Your instructions:
Only the lines from the one containing "Chambre avec cheminée en marbre" through the end of the data are wanted, reproduced exactly and without pictures.

Source data:
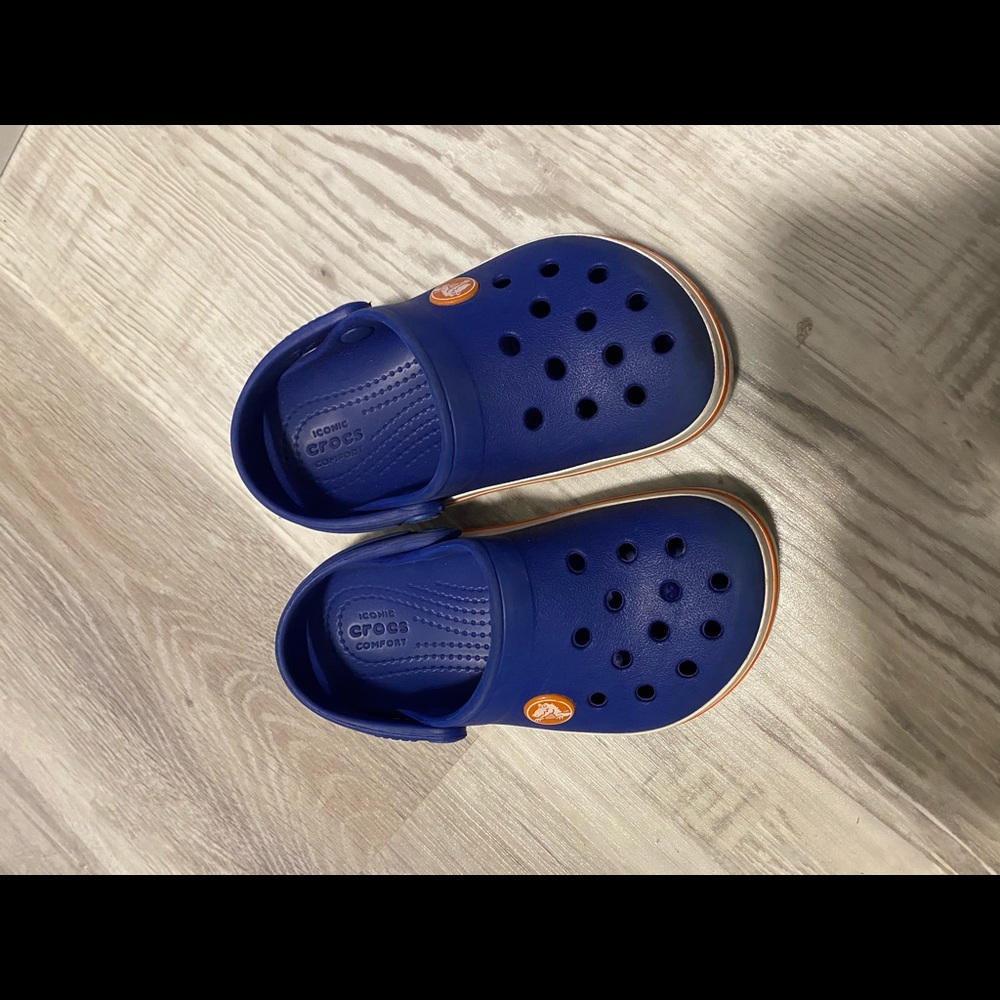 Crocs shoes for little one.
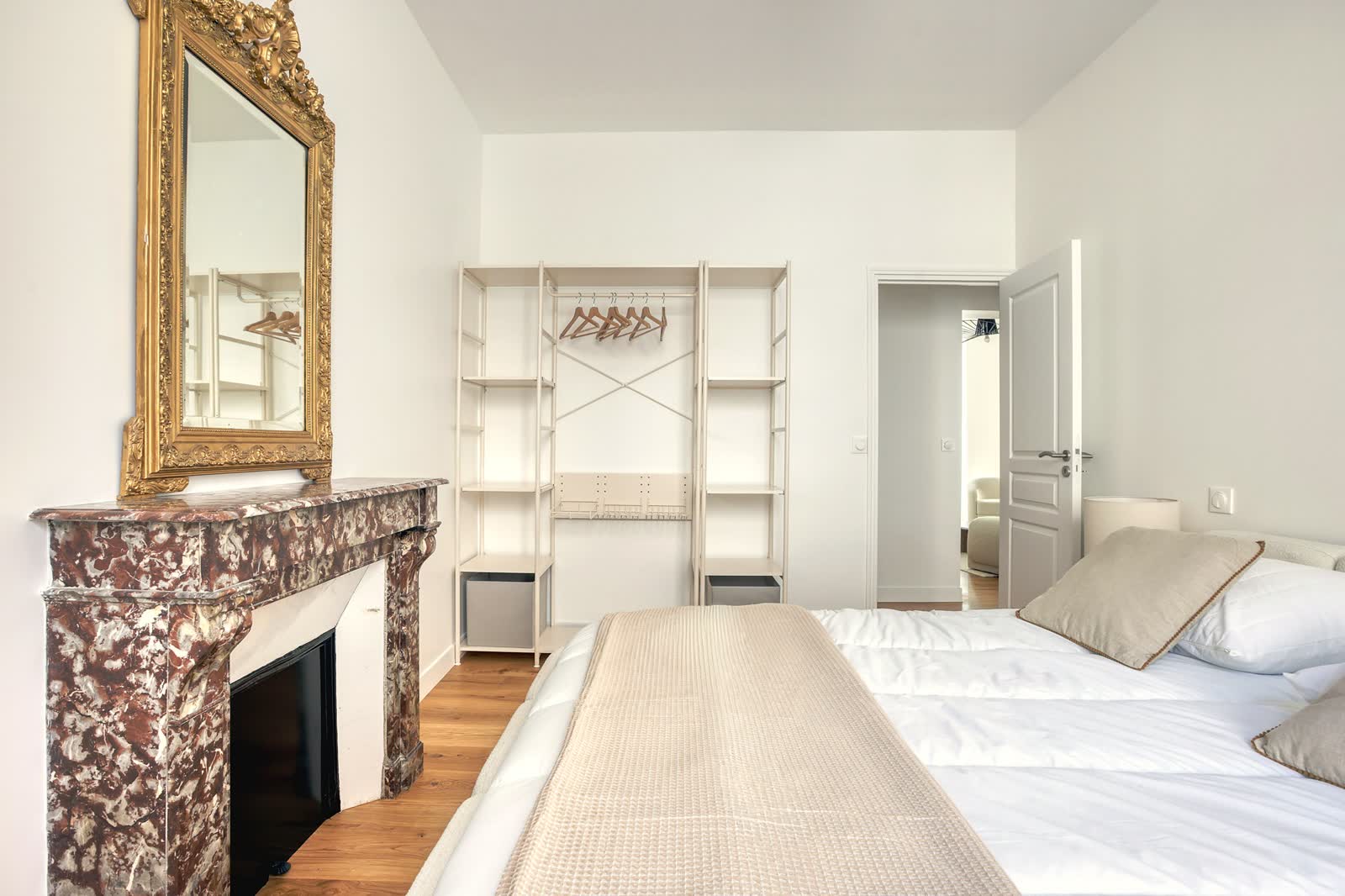 Chambre avec cheminée en marbre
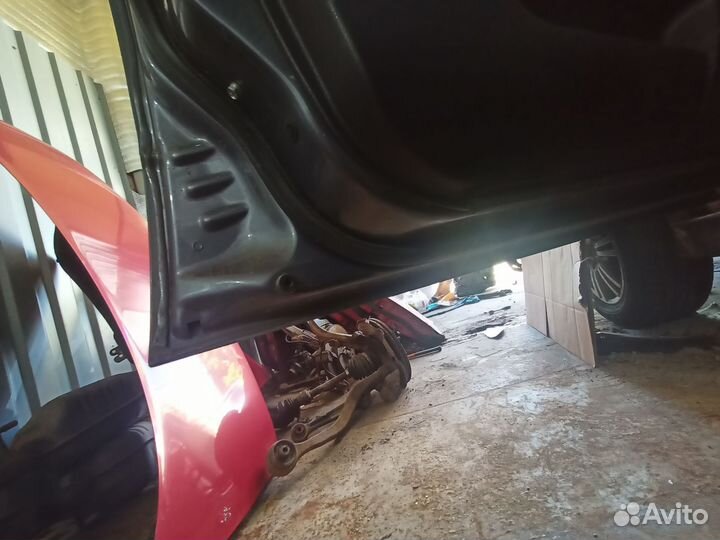 Разбор Митсубиси lancer 9 2007гв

Task answer:
 Chambre avec cheminée en marbre
 Разбор Митсубиси lancer 9 2007гв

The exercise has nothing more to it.